Anyways, just wanted to say Hi!
Dee


----------



## jeepmedic (Dec 5, 2006)

Well Hello and Welcome. Hope you enjoy your stay


----------



## CotWoman (Dec 5, 2006)

Hey Dee!  Welcome!
What part of Ohio?  My boyfriends family lives in Youngstown...

Go Browns!!!!


----------



## Paintedcalli (Dec 7, 2006)

CotWoman said:


> Hey Dee!  Welcome!
> What part of Ohio?  My boyfriends family lives in Youngstown...
> 
> Go Browns!!!!



I live a little south of Canton in Dover.

Go Bucks!!!!!


----------



## Airwaygoddess (Dec 7, 2006)

Welcome!!  So how cold is it in your neck of the woods?


----------



## Jon (Dec 7, 2006)

Welcome!!!


----------



## firescapes (Dec 7, 2006)

Hey Dee! Welcome to you..look forward to hearing from you...Paul


----------



## Paintedcalli (Dec 7, 2006)

Airwaygoddess said:


> Welcome!!  So how cold is it in your neck of the woods?

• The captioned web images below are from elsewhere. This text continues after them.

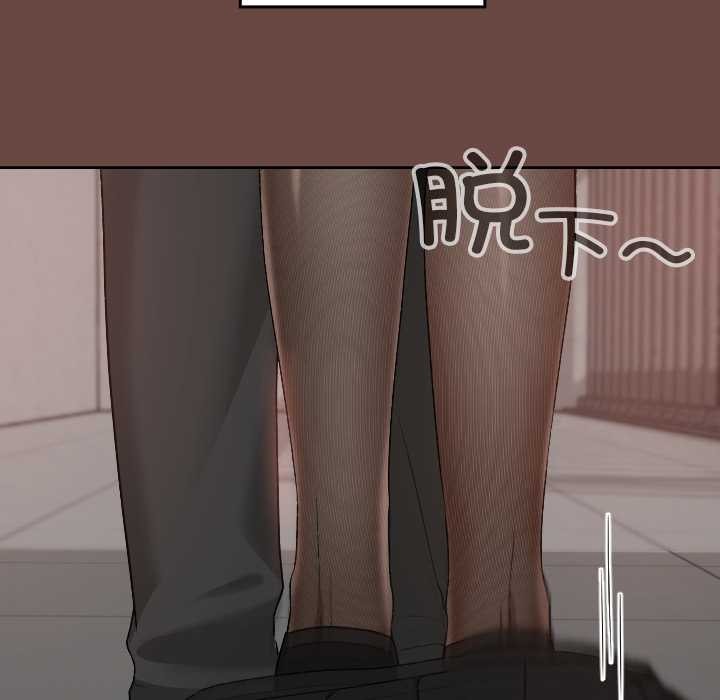 《校花的雙麪生活》漫画 第13話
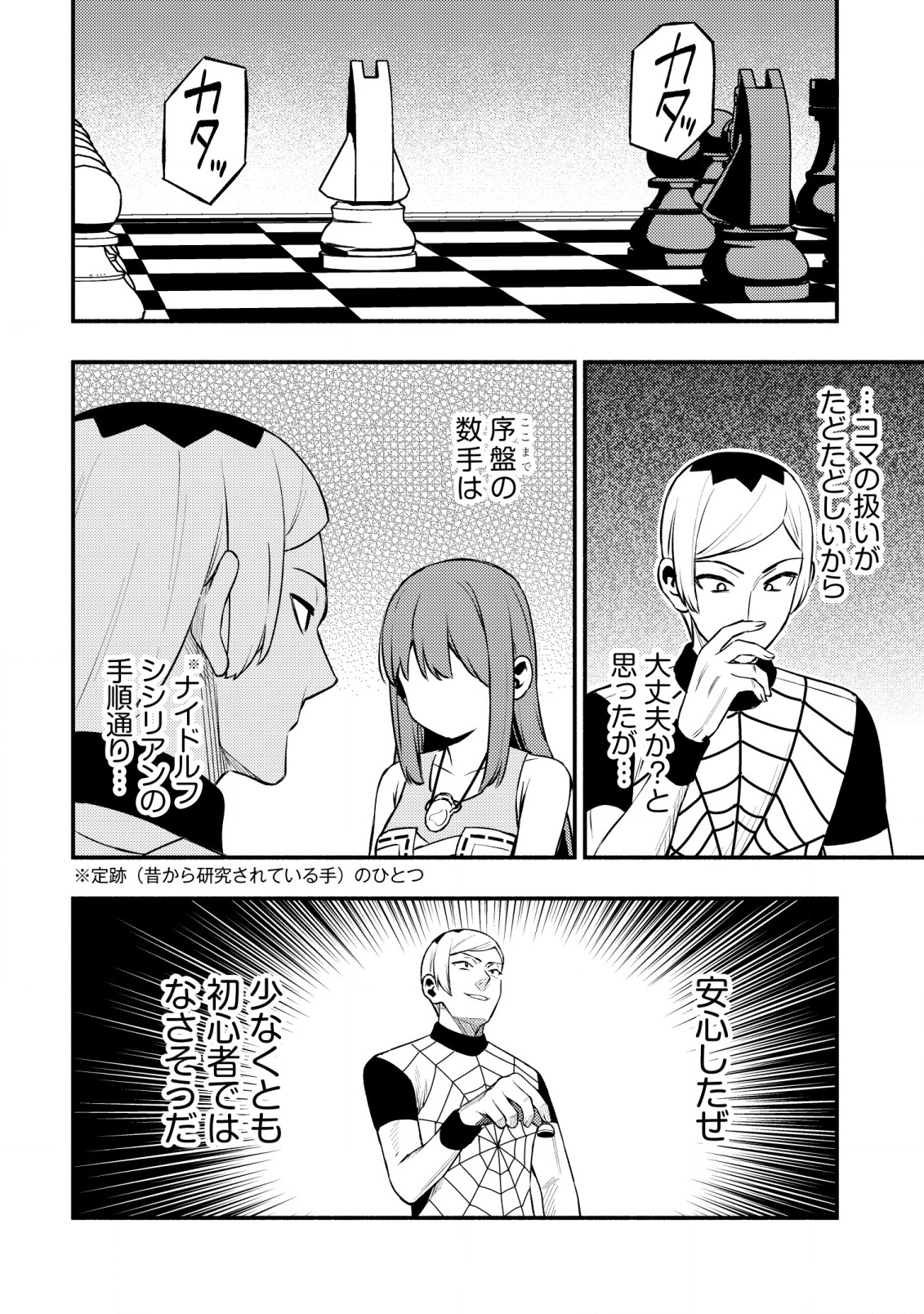 MAOU REIJOU NO KYOUIKU GAKARI (MANGA) - raw - Chapter 23 - https://jpdd.ccdd.to/JPDD/maoureijounokyouikugakarimanga/230000/ofsajdafzyn.png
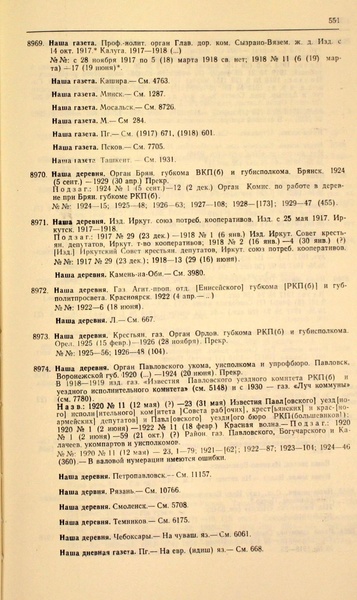 Файл:Газеты СССР 1917-1960 Т.3.pdf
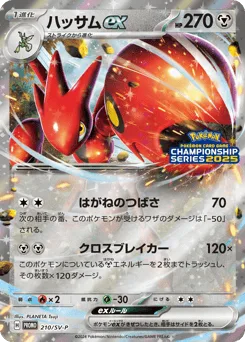 Scizor ex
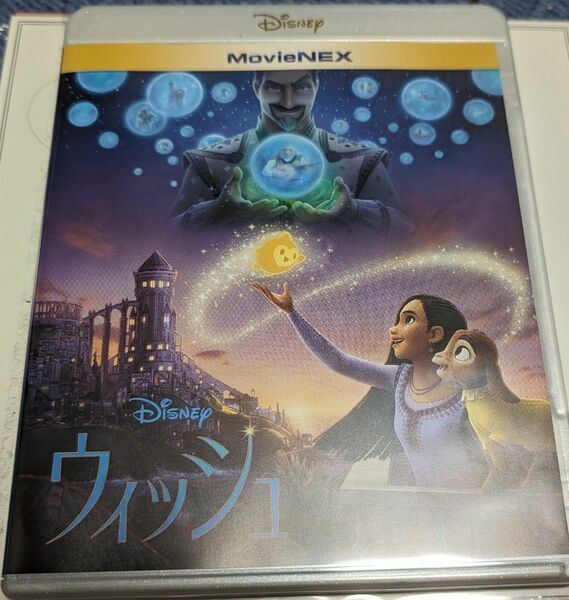 ウィッシュ MovieNEX MovieNEX ディズニー 映画 Blu-ray DVD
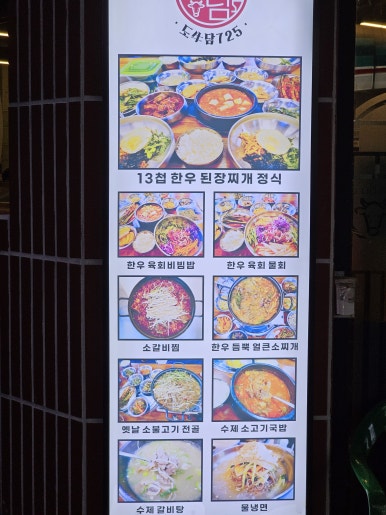 도우담725 이미지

Its a whole 22 degrees here!  We are not getting the snow like Cleveland is though!  Thank Goodness!!!!!   But it's cold enough to make your teeth chatter!!!!


----------



## firescapes (Dec 8, 2006)

*Cold!!!*

Hey guys got you beat it was 3 dgrees here yesterday...the old ford didn't feel like waking up today...but finally it did...they tell me though it will be up to 38 degrees by Monday...looking forward to that..take care and keep WARM!!!  Paul


----------



## Paintedcalli (Dec 8, 2006)

firescapes said:


> Hey guys got you beat it was 3 dgrees here yesterday...the old ford didn't feel like waking up today...but finally it did...they tell me though it will be up to 38 degrees by Monday...looking forward to that..take care and keep WARM!!!  Paul





I hear that this weekend it is actually going to be back in the 40's!!!  My mom lives in Texas and where she is at it's in the 80's!!!  I think I want to move!!!!!

Dee
www.myspace.com/kieffdana


----------



## firescapes (Dec 8, 2006)

If you do move send some of that sunshine this way...YEAH!!!


----------



## Airwaygoddess (Dec 8, 2006)

Hi firescapes!  how is your back feeliing?  I told you chopping wood is overrated!


----------



## wolfwyndd (Dec 8, 2006)

Welcome about.  Nice to see some else from the lovely state of O-HI-O.  Although I'm all the way over on the other side of the state near Dayton.  I would say, 'go Bengals' but I'm not a big football fan.


----------